With the First Sunday of Advent we begin the Year A Liturgical Cycle with the seasonal exhortation to engage life fully, consciously and actively. Matthew’s Gospel text uses apocalyptic language to exhort the hearers to be alert and active as an ordinary way of life. In some aspects of Catholic (and other Christian) Tradition, we have become accustomed to a passive acceptance of Divine Will as the preached norm. However, this sort of low-energy approach insinuates two things which the modern Church has de-emphasized for positive reasons. First of all, our communal image of God is becoming less and less that of an arbitrary, capricious potentate and increasingly that of a loving, affectionate, wise parent, as Jesus called God, “Father” (
Abba in Aramaic).
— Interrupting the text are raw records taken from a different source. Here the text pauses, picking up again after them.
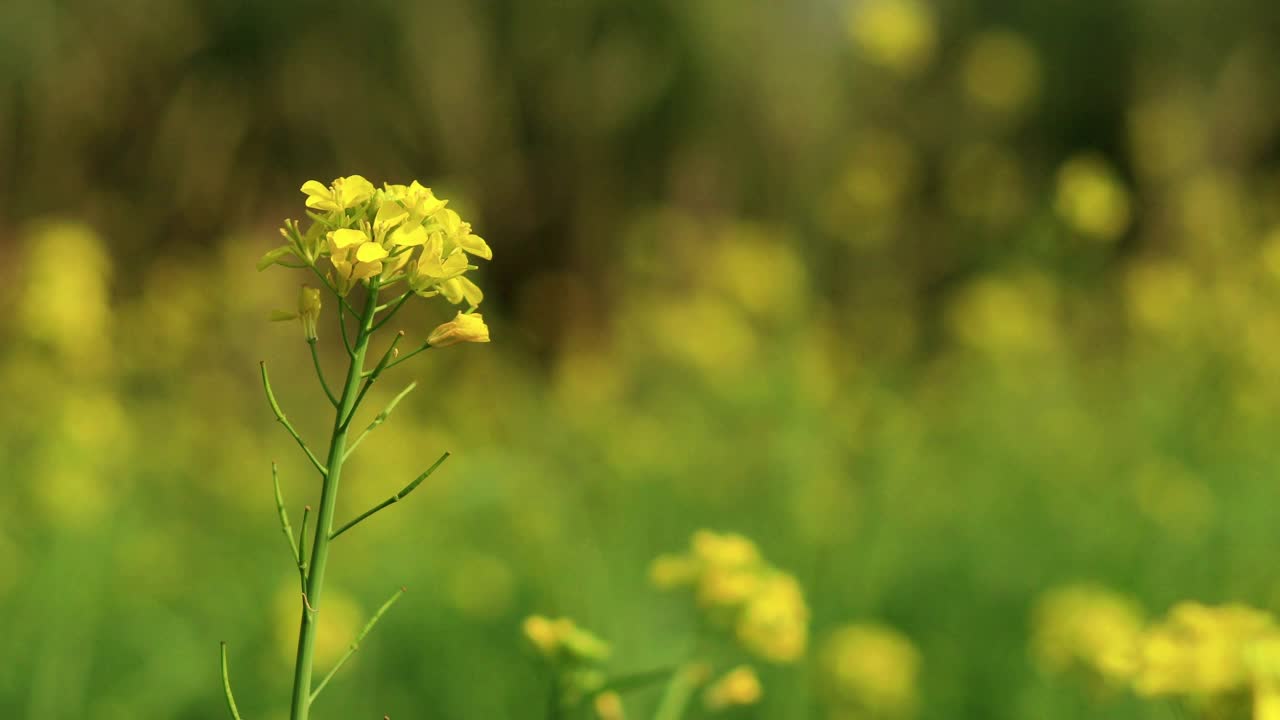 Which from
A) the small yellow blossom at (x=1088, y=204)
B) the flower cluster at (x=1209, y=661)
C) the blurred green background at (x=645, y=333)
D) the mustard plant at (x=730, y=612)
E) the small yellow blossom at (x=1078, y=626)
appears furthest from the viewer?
the small yellow blossom at (x=1088, y=204)

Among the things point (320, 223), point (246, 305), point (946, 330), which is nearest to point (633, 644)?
point (320, 223)

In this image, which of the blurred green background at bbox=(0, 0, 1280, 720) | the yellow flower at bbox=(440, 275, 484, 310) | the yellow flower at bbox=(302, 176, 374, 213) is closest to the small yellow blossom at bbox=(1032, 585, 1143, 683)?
the blurred green background at bbox=(0, 0, 1280, 720)

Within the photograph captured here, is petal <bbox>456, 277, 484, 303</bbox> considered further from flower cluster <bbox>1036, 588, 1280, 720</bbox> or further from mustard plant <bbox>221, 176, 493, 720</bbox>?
flower cluster <bbox>1036, 588, 1280, 720</bbox>

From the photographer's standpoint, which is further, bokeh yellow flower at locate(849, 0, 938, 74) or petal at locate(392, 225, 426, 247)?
bokeh yellow flower at locate(849, 0, 938, 74)

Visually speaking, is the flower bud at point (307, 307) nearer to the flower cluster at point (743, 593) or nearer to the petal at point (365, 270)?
the petal at point (365, 270)

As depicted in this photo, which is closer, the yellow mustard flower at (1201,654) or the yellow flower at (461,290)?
the yellow flower at (461,290)

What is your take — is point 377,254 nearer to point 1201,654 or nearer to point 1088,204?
point 1201,654

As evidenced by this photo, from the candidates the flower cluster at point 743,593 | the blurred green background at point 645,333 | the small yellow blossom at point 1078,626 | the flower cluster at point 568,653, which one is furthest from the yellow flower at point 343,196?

Such a wise parent does not function merely by decree, but by loving persuasion, wise formation and constructive engagement. Secondly, a medieval idea of the Divine Will was that of a hidden plan laid out in detail from which we deviated at our eternal peril. Such a simplistic description is increasingly off-putting to modern, intelligent believers, because it subverts and minimizes the facts that a) we are created in God’s image and likeness, b) to be free and responsible, and c) that God is intelligent and engaging with us who are God’s adult (!) children. Thus, an apocalyptic fear of sudden ambush by the Last Judgment is not a message our ears expect from a loving and wise God. Rather, the healthy, modern appreciation of the message is to engage in life fully, consciously and actively, now and always. Staying alert means to stay alive in all the gifts of God’s Holy Spirit. In a similar way we ought to read and hear the passage from Romans. Paul lived and ministered in the earliest Christian era when the common expectation was still that the Risen Jesus would return soon to both end the world and escort the saved into Heaven. Indeed, this turned out to be greatly over simplified expectation, and, indeed, it’s error is much to our benefit today! Had the Risen Christ returned as expected and actually ended the world, none of us would be here today! Perhaps, the expectation of an urgent and sudden 2nd Advent was more the early Christian hope for salvation from the harshness of their day, couched in apocalyptic imagery, rather than a well-considered, theological insight into God’s hopes for believers. In any event, perhaps we ought not expect a 2nd Coming of the Christ in quite the same ancient terms. For us, the true 2nd Coming is more likely to occur at the time of each individual personal death in this world. To be true to the Gospel message, however, it must be seen as a joyful and hopeful moment, not one of fear and terror. Indeed, the separation caused by death is humanly painful and sometimes tragic, but it is part of healthy reality. Our Paschal faith gives us hope in the temporary nature of such an expected separation. But, we are embarking in Advent on a renewed appreciation of the Mystery of the Incarnation, the Word made flesh to dwell among us. Our Advent reflections encourage us to appreciate and engage life in the wonder of God’s Holy Spirit and ever-present Grace.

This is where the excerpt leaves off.